Thirty years ago, direct marketing was typically confined to catalog shopping. However, over the years, the development of ZIP codes, geodemographic systems such as PRIZM, large databases for third-party appends, software for analysis of customer files and other advancements have made direct marketing a formidable competitor to market research.

Market researchers, for the most part, misunderstand direct marketing. Market researchers are accustomed to small samples. In market research terms, a sample of 1,000 respondents is substantial. On the other hand, direct marketers have easy access to 100,000 people in one of their analyses. Of course, direct marketers usually have limited variables, whereas market researchers have a broad range of variables to analyze.

Market researchers offer their respondents anonymity, while database marketers know the names and intimate details of their subjects. When market researchers collect data, they stringently avoid selling; database marketers, in contrast, are almost always selling. It's unfortunate that in the database marketer's case, the customer on the other end of a telephone line may sometimes be led to believe the call is a market research survey.

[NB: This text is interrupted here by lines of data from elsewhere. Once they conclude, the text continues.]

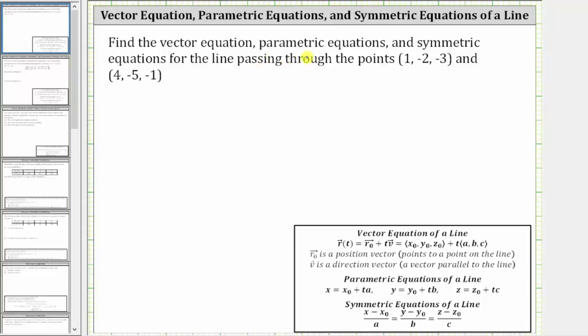Find the vector equation, parametric equations, and symmetric equations for the line passing through the points (1, -2, -3) and (4, -5, -1).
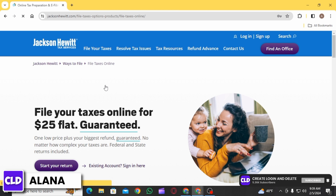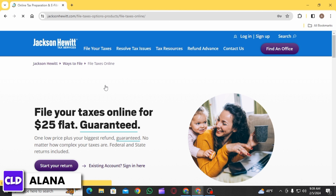Now you want to review the information from your prior year's return and update any necessary details for the selected tax year. Then follow the on-screen prompts and answer each question accurately to ensure your return is complete. Double check your entries and review the entire return to ensure accuracy, which is especially important when dealing with a return from a prior year.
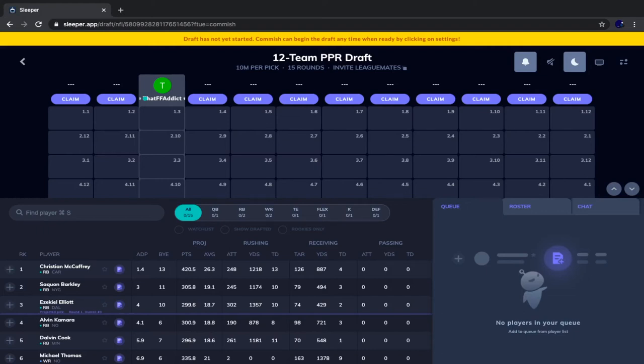What is going on fantasy addicts, I'm your host that fantasy addict, and today we're going to be doing another mock draft. This time it's a 12-team PPR mock draft from the third overall pick. We are doing this mock draft on Sleeper.app, which has a mobile app and a desktop website — they're both phenomenal.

When combined, the differences between these two disciplines create singular strengths. Direct marketing researchers are very good at finding out who, but are exceptionally weak at knowing why. Market researchers, because of their broad questionnaires, are good at finding out why, but not good at knowing who.

Under all circumstances, but particularly in economies such as ours today, businesses must root out all inefficiencies. By combining both market research methods and database analysis techniques, databases can be better segmented for higher "hit rates." Solicitations must reach the right person with the right message. Therefore, knowing both who and why are critical.

An example of using both market research and database analytic methods to tackle a strategic problem comes from a utility that wanted to understand how customers felt about various services it offered or could offer, and how those offerings would affect retention.

The utility's database was very limited in its scope, having mostly addresses and usage data. To accomplish the company's goals, it was necessary to combine direct marketing and market research objectives. To "fatten up" the customer file, we appended third-party demographics and behaviors. Determining what customers wanted required conducting a primary segmentation research project in the utility's trading area.

To make this project work, it was essential that the same demographics and behaviors were collected in the same way as the data appended from third-party sources. Without similar data sets, it would be quantitatively impossible to connect the market research insights into the database.

The market research project collected all the necessary data from a balanced sample of customers, representing age, income and geographic regions. Much detail about customer needs, expectations and levels of satisfaction was collected. Typical of market research, respondents were guaranteed anonymity.

The market research data was analyzed to determine customer segments based on differences of perceived need for services, level of usage and other variables. Several segments emerged revealing different need patterns, as well as propensities to switch to a different utility if expectations were not met.

To combine the market research data to the database, models were developed based on segment differences using the demographic and behavioral variables in the market research data set. Because the demographic and behavioral variables were matched in both the market research and database sets, it was possible to categorize all of the customers in the database using the models.

The attitudinal segments and certain demographics were significantly related. Examination of the relationships indicated areas of dissatisfaction among many clients that had not been known. Uncovering these problem areas was important because the utility recognized action had to be taken to correct these problems or these clients would defect as soon as alternatives were available. By examining the segments and utilization data, the utility was also able to prioritize its activities to assure its retention of the most profitable clients.

Both market research and database marketing methods were, in this case, used effectively to maximize the utility's understanding of its customers, as well as enhance its customer relationship management files. Using one or the other, but not both, would have produced an inferior outcome.

Obviously, database marketing and market research should not be seen as enemies of one another. Each has strengths and weaknesses. However, by combining the strengths of each to better understand customers and produce vastly more usable customer files, marketers will better compete, even in poor economic climates.

Editor's Note: This will be Doran Levy's last column in DM Review as he is now devoting his time to promotion of his new book. We thank him for sharing his insights with DM Review readers.